We could try to write down a categorical definition of Kolmogorov complexity which specializes to the standard one, also try to introduce Martin-Löf randomness for morphisms, and see what they amount to in the toy model. But I'm not sure how interesting this would be. Are there other things that could be done?
Is the idea that the parameters encode the program being run? If so, it seems like dusko 's work on monoidal computers should be relevant.
That may be one possible interpretation, but it would be more in line with our earlier discussion here to think of them as something like the "state of the environment": you don't know the state of the environment while running your computation, but it may have an effect on its result. Of course that's still "parameters encoding the program being run" in some sense, but in a different way than one would think when seeing that phrase.
In any case, thanks for the pointer to dusko's paper! It's been an intriguing read (as may be expected with him being the author). The concept of data service is something that I discovered independently last year in the context of categorical probability, so it's nice to see that it has already been considered.
Indeed, this is not what I intended by "encoding the program". I was definitely thinking of the program definition itself as the "parameter"; you know it exists because the map is computable, but not what it is.
Spencer Breiner said:
Is the idea that the parameters encode the program being run? If so, it seems like dusko 's work on monoidal computers should be relevant.

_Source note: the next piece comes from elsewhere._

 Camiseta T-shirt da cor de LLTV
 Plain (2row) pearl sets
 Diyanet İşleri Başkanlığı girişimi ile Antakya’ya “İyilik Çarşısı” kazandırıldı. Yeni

we used the categorical view of computability to show how the martin-loef randomness can be expressed as in terms of strategies here:
https://arxiv.org/abs/1503.03185
i am not sure how clearly this particular presentation displays the CT view of AIT, but it is actually very direct in monoidal computer.
i wrote a book about monoidal computer, but since it actually wrote itself through 15 years of teaching computability and complexity courses in diagrams, it came out as a mixture of 3 books in one. another demostration of my talents to write unreadable stuff. so i have rewritten it completely, and have just the last chapter to go. thanks for the mention, @Spencer Breiner.